■ TASK:
Print out the full material below, exact in every line, with no images included.

■ RECORDED DATA:

>>>>>

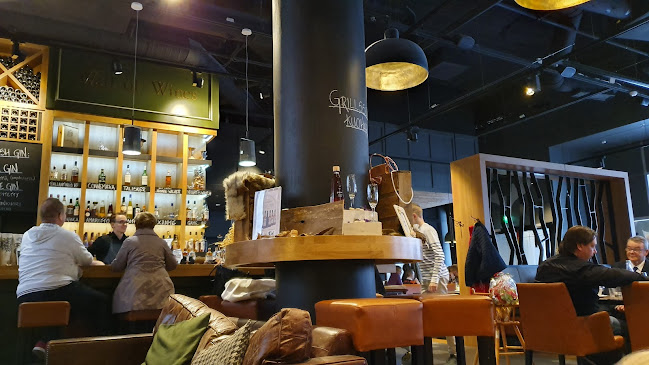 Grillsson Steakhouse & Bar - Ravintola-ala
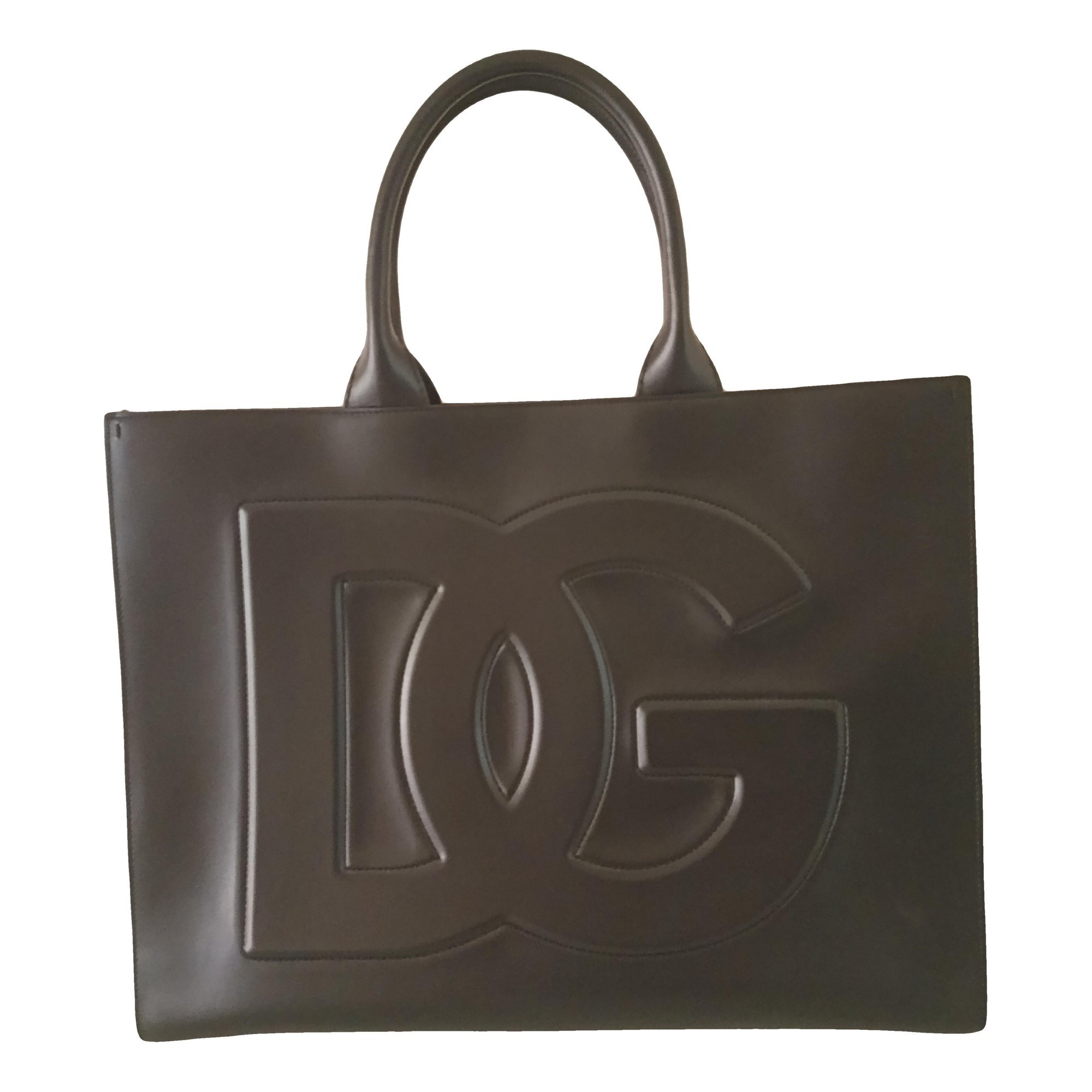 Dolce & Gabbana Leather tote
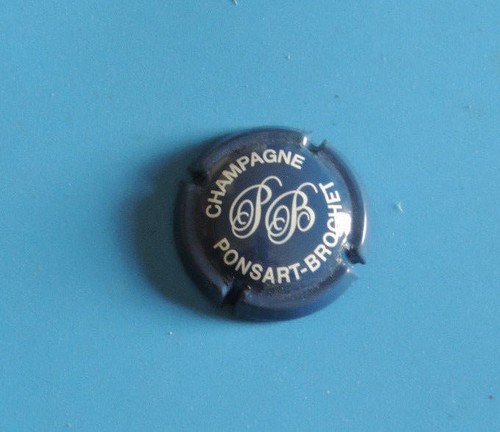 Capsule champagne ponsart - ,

<<<<<

■ OUTPUT BELOW:
 Grillsson Steakhouse & Bar - Ravintola-ala
 Dolce & Gabbana Leather tote
 Capsule champagne ponsart - ,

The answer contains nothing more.